(Extracted data entries)
▽
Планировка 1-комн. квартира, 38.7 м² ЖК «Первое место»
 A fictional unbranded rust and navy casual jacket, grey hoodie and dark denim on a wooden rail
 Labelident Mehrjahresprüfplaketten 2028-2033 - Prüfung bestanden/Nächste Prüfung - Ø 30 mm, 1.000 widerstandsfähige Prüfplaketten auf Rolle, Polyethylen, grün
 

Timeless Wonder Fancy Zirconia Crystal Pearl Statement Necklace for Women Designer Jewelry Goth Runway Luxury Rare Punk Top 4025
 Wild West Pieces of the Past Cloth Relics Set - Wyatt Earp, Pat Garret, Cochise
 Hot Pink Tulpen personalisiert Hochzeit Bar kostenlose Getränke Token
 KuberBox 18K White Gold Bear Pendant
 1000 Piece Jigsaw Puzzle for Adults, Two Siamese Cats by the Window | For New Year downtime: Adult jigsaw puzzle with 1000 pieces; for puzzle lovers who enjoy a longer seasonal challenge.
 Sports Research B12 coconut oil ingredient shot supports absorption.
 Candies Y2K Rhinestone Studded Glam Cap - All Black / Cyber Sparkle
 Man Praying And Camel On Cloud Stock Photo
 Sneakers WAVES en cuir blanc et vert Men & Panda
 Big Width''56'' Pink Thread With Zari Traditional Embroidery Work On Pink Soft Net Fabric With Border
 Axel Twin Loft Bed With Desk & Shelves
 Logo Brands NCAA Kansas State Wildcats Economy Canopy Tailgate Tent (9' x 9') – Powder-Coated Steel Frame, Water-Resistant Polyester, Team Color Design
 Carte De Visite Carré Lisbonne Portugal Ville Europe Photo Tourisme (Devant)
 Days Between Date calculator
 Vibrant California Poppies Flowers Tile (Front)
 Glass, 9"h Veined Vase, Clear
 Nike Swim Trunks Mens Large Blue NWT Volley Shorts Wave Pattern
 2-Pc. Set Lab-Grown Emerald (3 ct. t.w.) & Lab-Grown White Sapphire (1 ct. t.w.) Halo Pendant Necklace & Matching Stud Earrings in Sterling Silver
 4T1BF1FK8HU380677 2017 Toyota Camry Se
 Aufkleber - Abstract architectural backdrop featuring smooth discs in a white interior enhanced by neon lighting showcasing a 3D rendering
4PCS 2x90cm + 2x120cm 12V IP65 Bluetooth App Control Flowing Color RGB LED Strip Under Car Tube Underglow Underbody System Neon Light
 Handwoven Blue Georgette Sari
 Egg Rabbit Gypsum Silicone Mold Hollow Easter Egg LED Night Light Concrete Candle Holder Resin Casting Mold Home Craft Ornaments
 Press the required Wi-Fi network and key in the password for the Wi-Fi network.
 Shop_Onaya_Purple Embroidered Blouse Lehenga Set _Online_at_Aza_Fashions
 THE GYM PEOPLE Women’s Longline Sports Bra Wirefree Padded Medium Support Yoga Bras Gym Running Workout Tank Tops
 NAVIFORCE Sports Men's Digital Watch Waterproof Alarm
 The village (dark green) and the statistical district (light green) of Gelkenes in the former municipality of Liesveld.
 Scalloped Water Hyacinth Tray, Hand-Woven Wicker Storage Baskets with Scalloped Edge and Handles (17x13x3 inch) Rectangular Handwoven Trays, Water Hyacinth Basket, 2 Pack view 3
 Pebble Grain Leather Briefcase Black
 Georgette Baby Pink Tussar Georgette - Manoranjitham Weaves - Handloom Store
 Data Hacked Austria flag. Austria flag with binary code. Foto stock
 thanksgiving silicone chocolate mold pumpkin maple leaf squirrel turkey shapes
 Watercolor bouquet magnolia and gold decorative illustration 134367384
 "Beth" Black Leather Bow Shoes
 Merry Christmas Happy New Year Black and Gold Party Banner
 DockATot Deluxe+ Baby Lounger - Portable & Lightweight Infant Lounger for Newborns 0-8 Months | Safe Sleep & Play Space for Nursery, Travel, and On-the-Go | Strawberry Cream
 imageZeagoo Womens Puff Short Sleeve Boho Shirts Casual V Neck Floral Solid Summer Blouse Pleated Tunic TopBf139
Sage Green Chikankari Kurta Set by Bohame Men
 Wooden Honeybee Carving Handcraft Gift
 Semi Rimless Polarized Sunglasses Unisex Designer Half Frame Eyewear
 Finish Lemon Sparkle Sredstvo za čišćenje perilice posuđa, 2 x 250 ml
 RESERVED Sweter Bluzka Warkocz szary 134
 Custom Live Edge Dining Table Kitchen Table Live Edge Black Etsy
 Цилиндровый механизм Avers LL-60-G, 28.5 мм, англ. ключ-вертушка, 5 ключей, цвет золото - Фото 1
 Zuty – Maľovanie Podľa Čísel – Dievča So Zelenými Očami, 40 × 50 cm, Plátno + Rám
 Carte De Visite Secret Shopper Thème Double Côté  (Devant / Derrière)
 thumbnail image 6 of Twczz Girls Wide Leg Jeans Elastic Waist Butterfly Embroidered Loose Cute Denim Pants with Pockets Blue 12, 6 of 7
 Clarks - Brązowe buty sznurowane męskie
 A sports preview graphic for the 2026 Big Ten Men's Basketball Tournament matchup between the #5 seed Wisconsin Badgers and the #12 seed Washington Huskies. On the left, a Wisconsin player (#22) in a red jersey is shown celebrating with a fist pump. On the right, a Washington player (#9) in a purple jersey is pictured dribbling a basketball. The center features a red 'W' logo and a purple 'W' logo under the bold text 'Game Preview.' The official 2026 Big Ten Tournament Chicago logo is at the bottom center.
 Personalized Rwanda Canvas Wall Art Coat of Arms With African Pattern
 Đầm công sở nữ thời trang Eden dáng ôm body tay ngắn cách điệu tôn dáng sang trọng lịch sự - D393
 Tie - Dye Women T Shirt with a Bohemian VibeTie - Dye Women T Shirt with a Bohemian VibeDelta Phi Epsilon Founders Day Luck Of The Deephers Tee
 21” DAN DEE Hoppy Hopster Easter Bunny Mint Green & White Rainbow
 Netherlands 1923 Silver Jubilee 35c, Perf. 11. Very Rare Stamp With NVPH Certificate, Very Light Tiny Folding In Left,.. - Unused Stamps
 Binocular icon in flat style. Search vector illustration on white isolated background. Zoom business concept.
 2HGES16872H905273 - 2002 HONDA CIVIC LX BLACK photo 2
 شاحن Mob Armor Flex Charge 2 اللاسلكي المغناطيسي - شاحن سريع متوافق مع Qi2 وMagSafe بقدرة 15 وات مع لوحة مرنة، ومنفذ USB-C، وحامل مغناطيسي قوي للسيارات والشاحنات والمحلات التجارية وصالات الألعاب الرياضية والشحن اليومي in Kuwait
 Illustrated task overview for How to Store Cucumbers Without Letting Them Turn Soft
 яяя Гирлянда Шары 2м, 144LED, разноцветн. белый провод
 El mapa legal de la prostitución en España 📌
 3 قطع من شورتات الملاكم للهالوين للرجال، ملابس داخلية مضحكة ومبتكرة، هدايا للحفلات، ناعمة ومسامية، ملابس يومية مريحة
△
:: WHAT TO PRODUCE ::
Could you reproduce exactly the lines of the entries above, from the one with "A fictional unbranded" through the one with "Sports Research B12", and nothing else?

:: RESULT FOR THIS EXERCISE ::
 A fictional unbranded rust and navy casual jacket, grey hoodie and dark denim on a wooden rail
 Labelident Mehrjahresprüfplaketten 2028-2033 - Prüfung bestanden/Nächste Prüfung - Ø 30 mm, 1.000 widerstandsfähige Prüfplaketten auf Rolle, Polyethylen, grün
 

Timeless Wonder Fancy Zirconia Crystal Pearl Statement Necklace for Women Designer Jewelry Goth Runway Luxury Rare Punk Top 4025
 Wild West Pieces of the Past Cloth Relics Set - Wyatt Earp, Pat Garret, Cochise
 Hot Pink Tulpen personalisiert Hochzeit Bar kostenlose Getränke Token
 KuberBox 18K White Gold Bear Pendant
 1000 Piece Jigsaw Puzzle for Adults, Two Siamese Cats by the Window | For New Year downtime: Adult jigsaw puzzle with 1000 pieces; for puzzle lovers who enjoy a longer seasonal challenge.
 Sports Research B12 coconut oil ingredient shot supports absorption.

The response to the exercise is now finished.